Find the line with "Российская Империя 1" and the line with "枕 エアウィーヴ 01" in the entries below; output exactly those two lines, every line between them, and no others.

BEGIN RECORD SET

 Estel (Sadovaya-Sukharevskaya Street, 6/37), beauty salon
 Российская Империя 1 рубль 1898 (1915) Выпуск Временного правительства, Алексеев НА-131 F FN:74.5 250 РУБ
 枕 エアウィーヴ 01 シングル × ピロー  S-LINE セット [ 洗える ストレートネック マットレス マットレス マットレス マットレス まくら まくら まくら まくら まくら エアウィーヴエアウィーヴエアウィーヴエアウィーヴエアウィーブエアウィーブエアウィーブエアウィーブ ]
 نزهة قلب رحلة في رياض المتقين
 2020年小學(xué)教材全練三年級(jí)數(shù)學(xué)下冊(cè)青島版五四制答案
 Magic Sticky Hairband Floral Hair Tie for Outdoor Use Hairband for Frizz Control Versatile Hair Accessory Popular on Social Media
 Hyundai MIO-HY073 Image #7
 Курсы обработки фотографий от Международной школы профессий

END RECORD SET
BEGIN RECORD SET

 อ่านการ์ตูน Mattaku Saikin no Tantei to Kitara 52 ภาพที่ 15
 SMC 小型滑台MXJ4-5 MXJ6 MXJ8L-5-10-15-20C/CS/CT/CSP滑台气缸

END RECORD SET
BEGIN RECORD SET

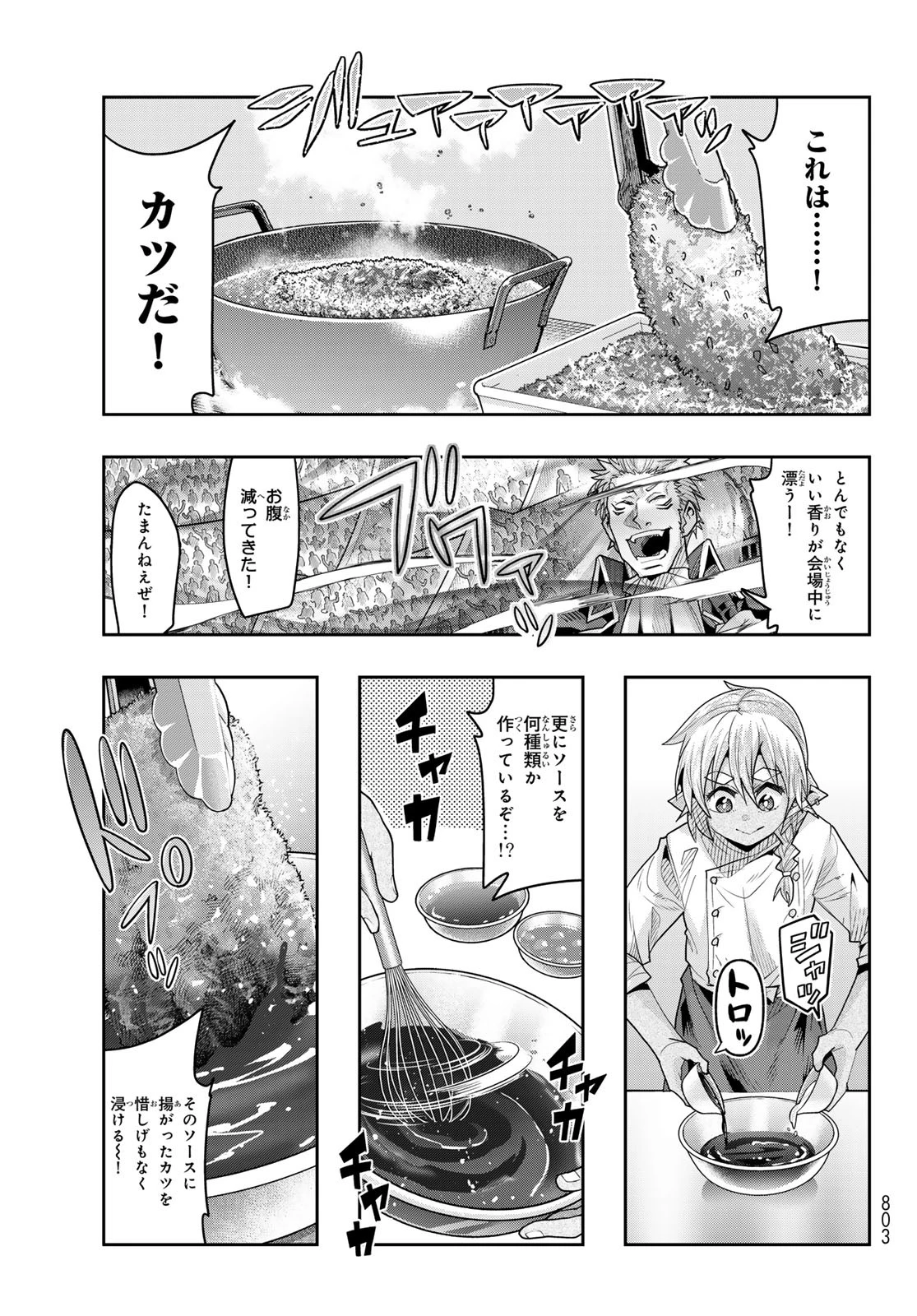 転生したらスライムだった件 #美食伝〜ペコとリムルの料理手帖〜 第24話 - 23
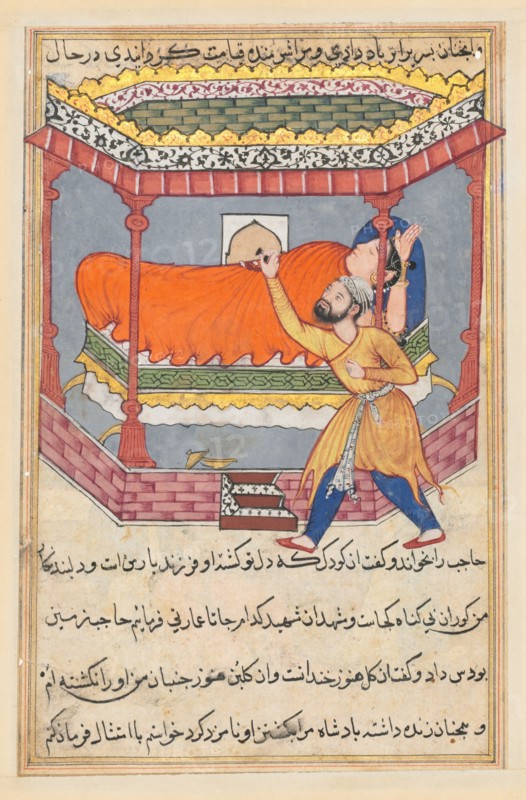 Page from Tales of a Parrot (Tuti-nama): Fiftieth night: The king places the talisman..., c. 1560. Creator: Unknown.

END RECORD SET

RESPONSE BOX »
 Российская Империя 1 рубль 1898 (1915) Выпуск Временного правительства, Алексеев НА-131 F FN:74.5 250 РУБ
 枕 エアウィーヴ 01 シングル × ピロー  S-LINE セット [ 洗える ストレートネック マットレス マットレス マットレス マットレス まくら まくら まくら まくら まくら エアウィーヴエアウィーヴエアウィーヴエアウィーヴエアウィーブエアウィーブエアウィーブエアウィーブ ]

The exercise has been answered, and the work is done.